Les hommes sont obligés d’accompagner les enfants: «J’aimerais travailler dans l’usine avec un salaire garanti. Mais on commence à 8 heures et moi je dois escorter mes filles et mes nièces sur le chemin de l’école. Je fais alors des petits travaux sur les champs qui ne suffisent même pas à nourrir ma famille.»

Dans les régions où il neige en hiver et où le froid est glacial, les enfants et les adolescents souffrent, car le soleil qui les réchauffe un peu n’est pas encore levé au moment de leur départ. Il s’agit d’une population précaire qui n’est pas équipée en bottes rembourrées, en doudounes chaudes et légères, en gants… Les résultats scolaires en pâtissent.

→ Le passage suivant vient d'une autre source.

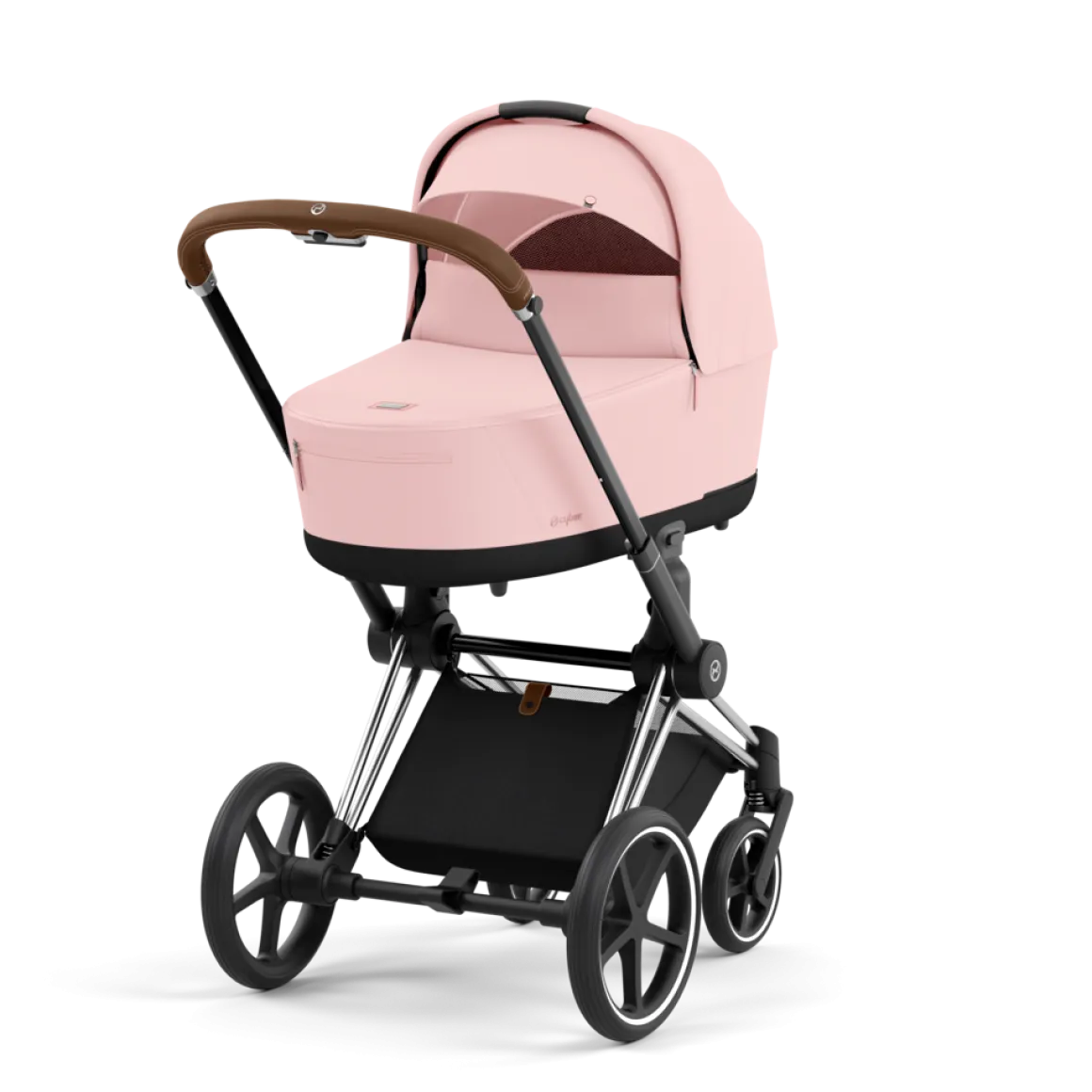 Cybex Priam Kinderwagen Compleet Peach Pink - Chrome Brown Frame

Le côté agréable, en été, pour les citadins? Les journées s’allongent et permettent d’avoir de nombreuses activités et des loisirs. Mais cela augmente la consommation de carburant pour les véhicules.

Beaucoup de personnes continuent à fonctionner avec saâ qdima. Voilà qui est énervant! Tu attends un ouvrier en urgence, qui te promet d’arriver à 9h00. Il se pointe à 10h00. «Mais j’ai dit 10h00!» «Non, 9h00!» «Oui, mais 9h00 leqdima (l’ancienne)!» Ces changements d’horaires servent la mauvaise foi de ceux pour qui la ponctualité et la parole donnée ne valent rien.

Il est vrai qu’en hiver il est pénible de se réveiller dans l’obscurité. J’ai moi-même du mal à quitter le lit lorsque les rayons du soleil ne traversent pas mes fenêtres. Au réveil, j’ai un rituel, été comme hiver: j’ouvre grand les fenêtres de ma chambre et j’observe longuement le ciel et sa luminosité radieuse, avec la gratitude d’avoir la chance d’admirer, tous les matins, un ciel aux couleurs continuellement renouvelées. J’aspire de grandes bouffées d’air frais, heureuse de vidanger mon corps et de le charger en énergie positive.

Avec saâ jdida, mes réveils en hiver sont obscurs et susceptibles de m’inonder d’idées noires si je ne m’en protège pas. Alors je m’adapte pour protéger ma bonne humeur et éviter de commencer mes journées par nguir, en râlant contre saâ jdida et saâ qdima, des contrariétés qui sapent le moral. Mon secret? Acceptation, adaptation!